Several of the report’s strategies pinpointed areas that would help boost fruit and vegetable consumption to combat obesity and its related health care costs. One recommended strategy is a generic fruit and vegetable promotion program, paid for out of an expanded specialty crop block grant program, to establish a national pool of funding to promote specialty crop market promotion and nutrition education, modeled after PBH’s successful “Fruits & Veggies--More Matters” campaign. Among the other strategies outlined in the report were nutrition training in medical education; developing new dietary guidelines for a child’s first thousand days, covering pregnant women and children up to 2 years old; and creating a database of exemplary workplace wellness programs with cost/benefit analysis to help expand the implementation of best practices. At the request of the report’s co-chairs, Elizabeth Pivonka, president and CEO of Newark, Del.-based PBH, furnished them with data and information such as the National Action Plan report card. Led by the nonprofit PBH in 2010, the National Fruit & Vegetable Alliance released a report card on progress made on strategies put forward in the 2005 National Action Plan.

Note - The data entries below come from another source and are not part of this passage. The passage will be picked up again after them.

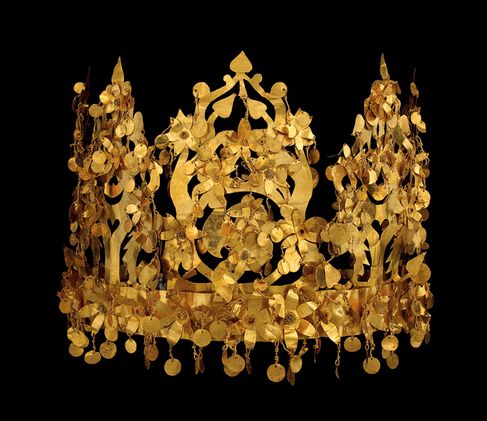 La corona regale d'oro da Tillya Tepe (Thierry Ollivier / Musée Guimet)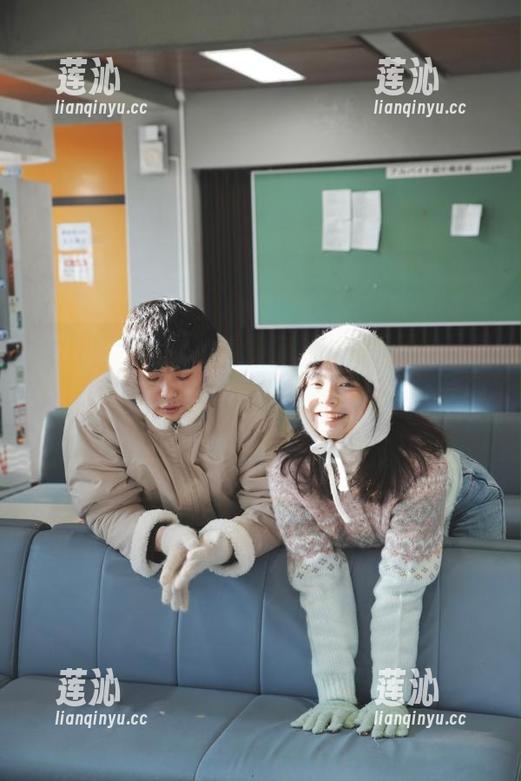 UGirls尤果网 - 看娜依灵儿如何用双马尾演绎自嘲：这些图片和原图绝对让你会心一笑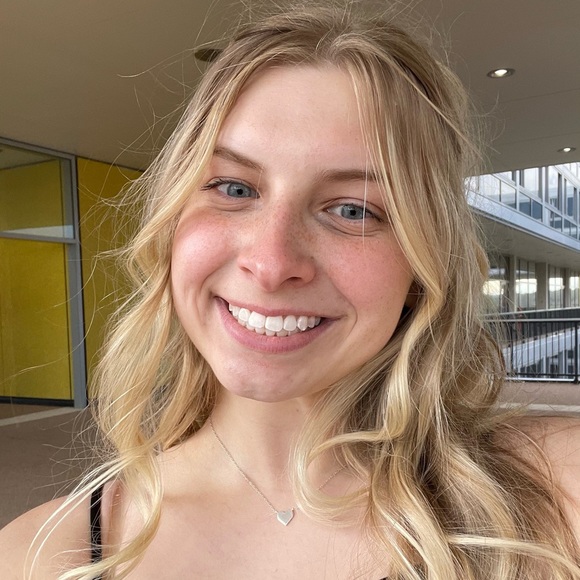 Profile Picture of Maya Cafasso (@mayacafasso) on Poshmark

“The report is full of solid bipartisan-supported strategies that if implemented, would result in a significant decline in obesity, other chronic diet related diseases, and related health care costs,” observed Pivonka. “PBH welcomes any strategies, ideas, and support to increase the consumption of fresh, frozen, canned, dried fruits and vegetables as well as 100 percent juice in America. We’ve long believed, and will continue to believe, that the promotion of all forms of fruits and vegetables would make huge strides in the overall effort to promote health through greater fruit and vegetable consumption.”